TASK PROMPT> Copy only the lines between the one containing "Progress Lighting - Conestee" and the end of the records, both included, leaving out pictures.

____ INPUT DATA

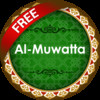 Malik's Muwatta Free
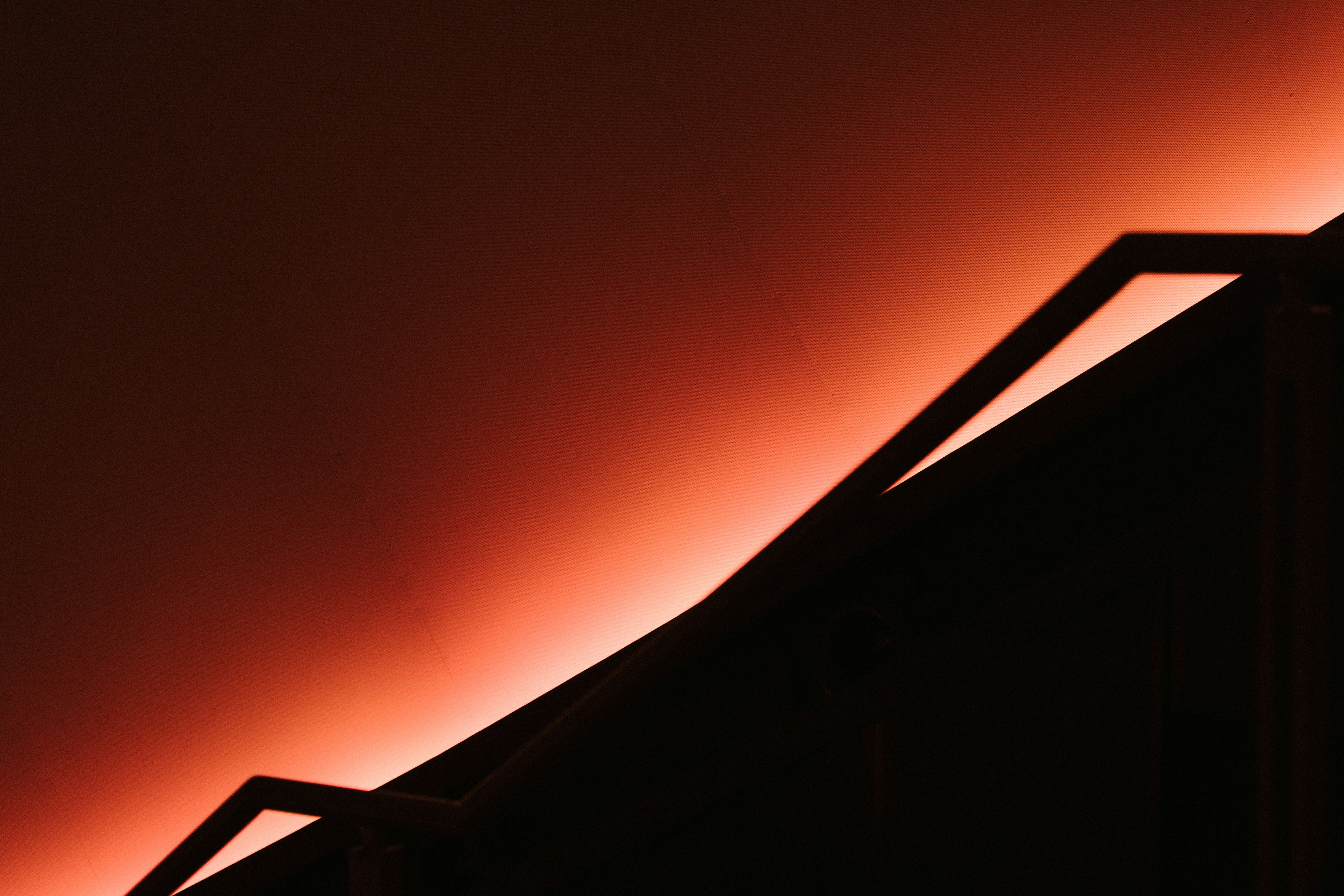 Photo by ngodavidhuy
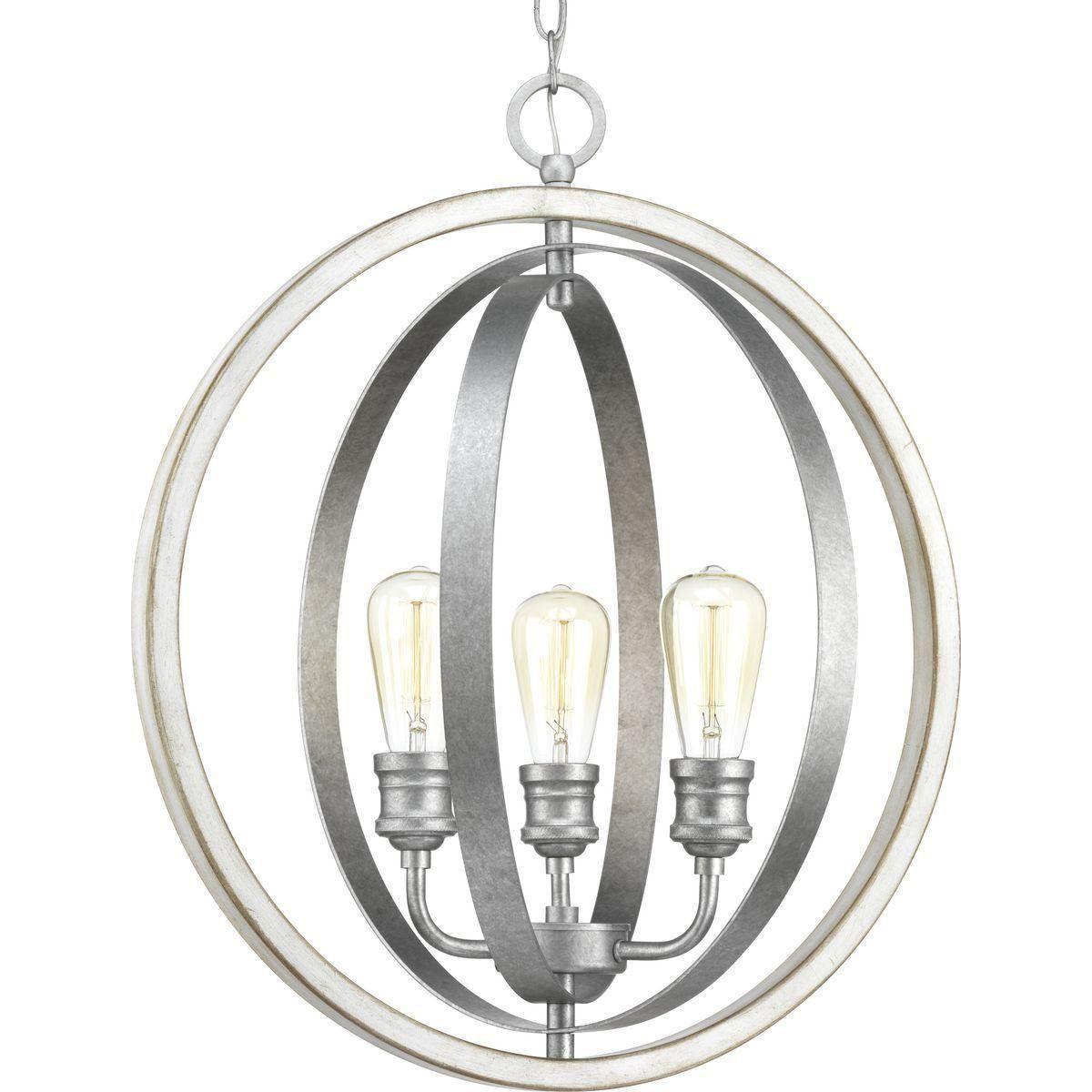 Progress Lighting - Conestee Pendant - Lights Canada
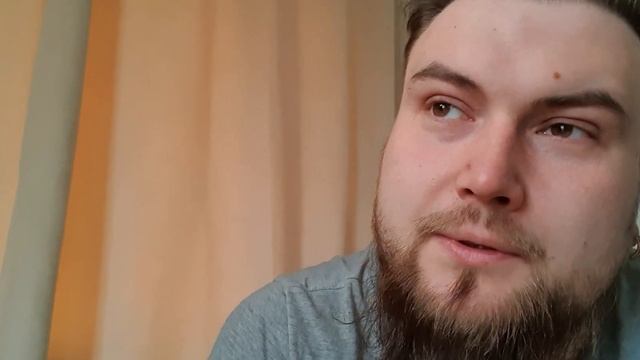 4 года после пересадки волос. Как пользоваться мезороллером? Раны победителей заживают быстрее.
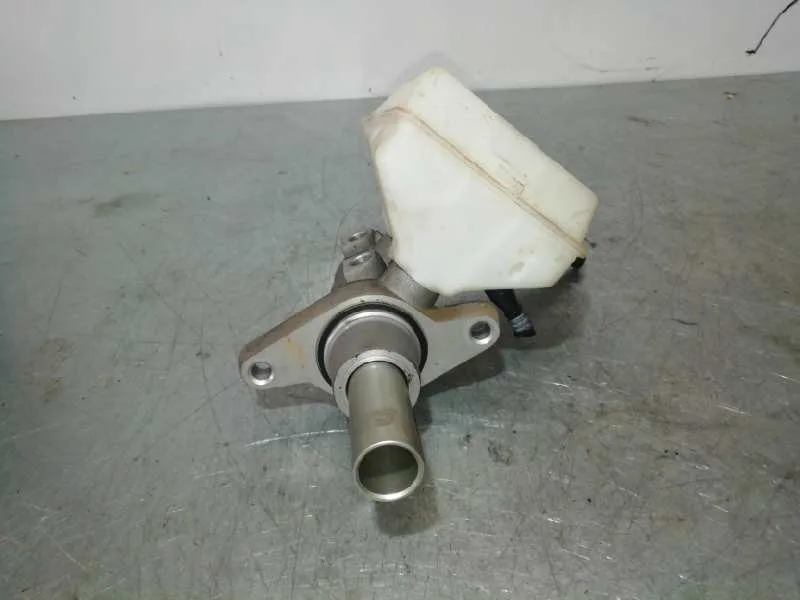 Bomba Freno para Peugeot 3008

________

RESPONSE TO THIS TASK>
 Progress Lighting - Conestee Pendant - Lights Canada
 4 года после пересадки волос. Как пользоваться мезороллером? Раны победителей заживают быстрее.
 Bomba Freno para Peugeot 3008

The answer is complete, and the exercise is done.